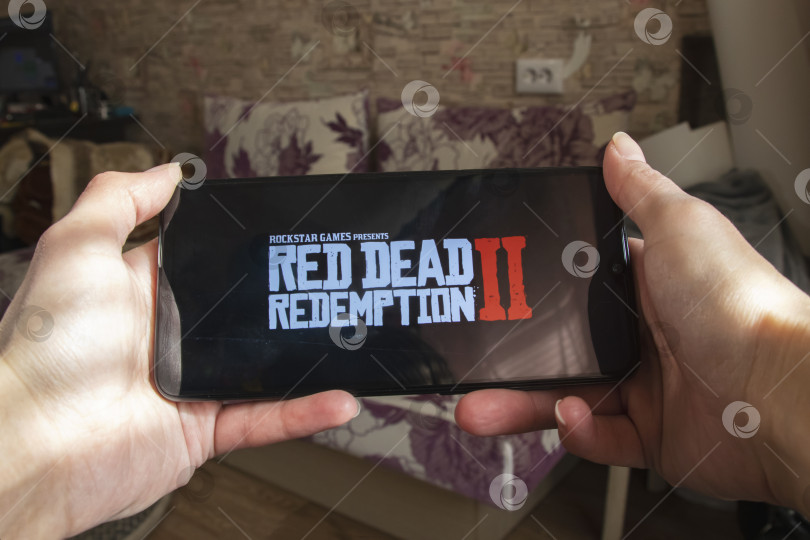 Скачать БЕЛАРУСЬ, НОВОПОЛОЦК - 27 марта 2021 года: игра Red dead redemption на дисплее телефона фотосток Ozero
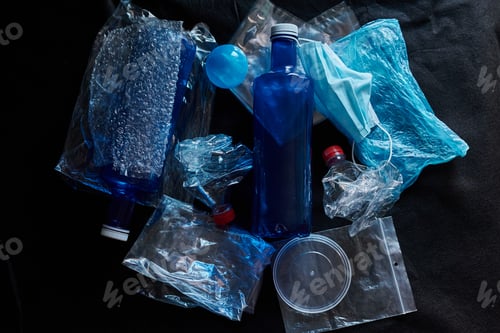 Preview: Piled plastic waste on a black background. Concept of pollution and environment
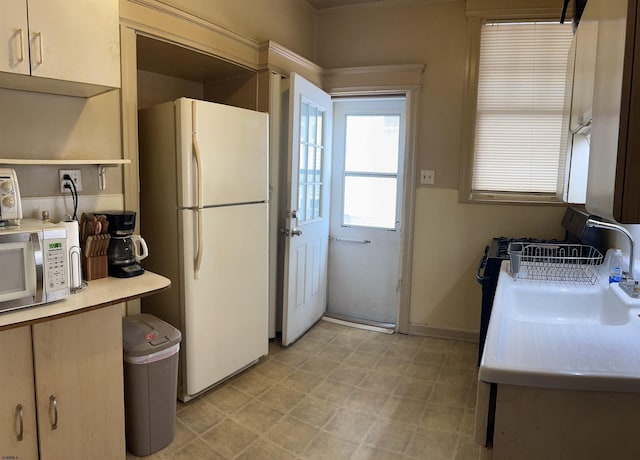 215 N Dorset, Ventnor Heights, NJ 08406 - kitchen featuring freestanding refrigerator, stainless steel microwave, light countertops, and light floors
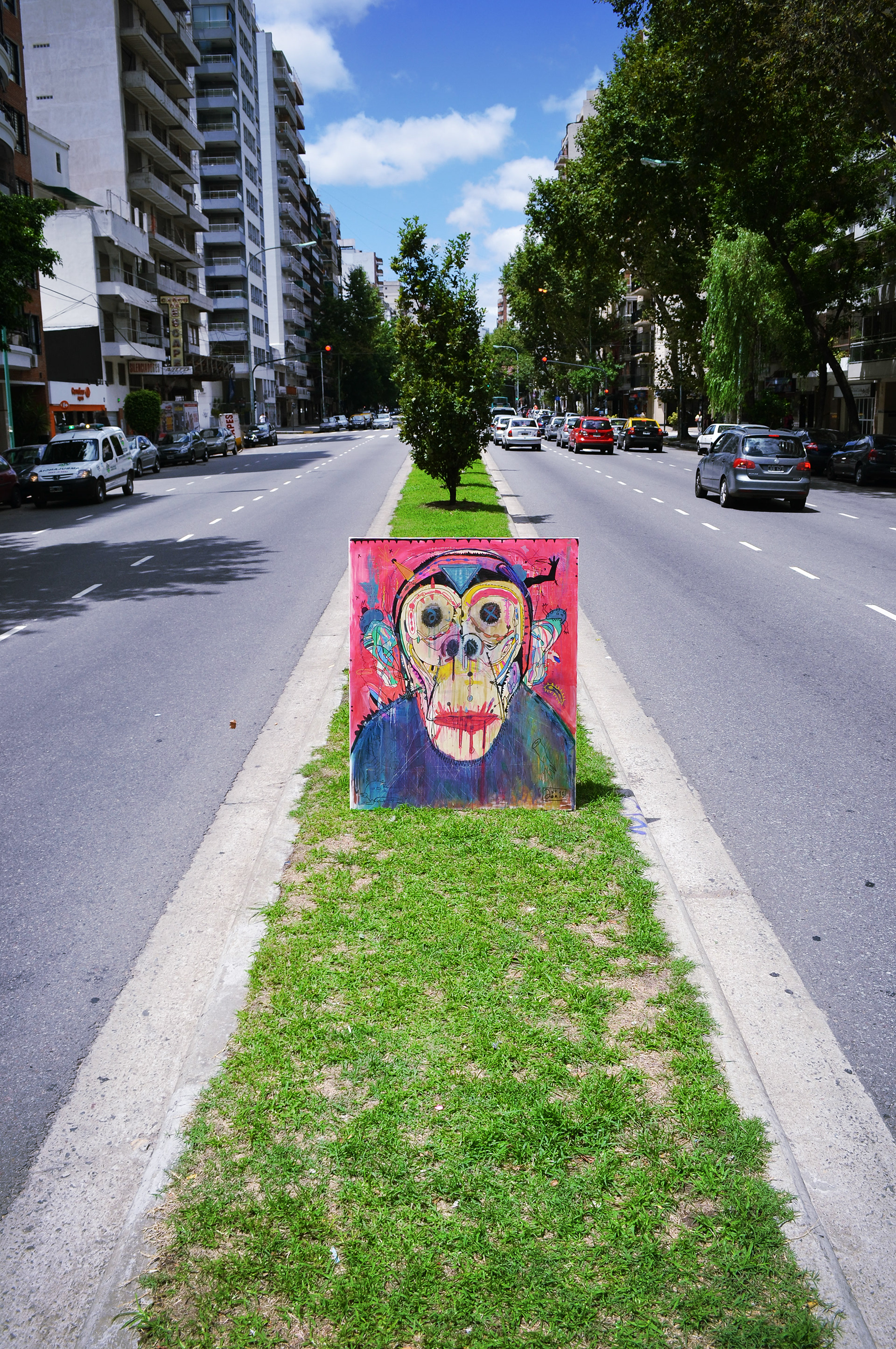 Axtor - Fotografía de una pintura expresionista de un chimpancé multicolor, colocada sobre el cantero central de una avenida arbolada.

----------

> _Exercise requirements_:
Would you please output the listing above exactly, leaving out the pictures?

> _Task answer_:
 Скачать БЕЛАРУСЬ, НОВОПОЛОЦК - 27 марта 2021 года: игра Red dead redemption на дисплее телефона фотосток Ozero
 Preview: Piled plastic waste on a black background. Concept of pollution and environment
 215 N Dorset, Ventnor Heights, NJ 08406 - kitchen featuring freestanding refrigerator, stainless steel microwave, light countertops, and light floors
 Axtor - Fotografía de una pintura expresionista de un chimpancé multicolor, colocada sobre el cantero central de una avenida arbolada.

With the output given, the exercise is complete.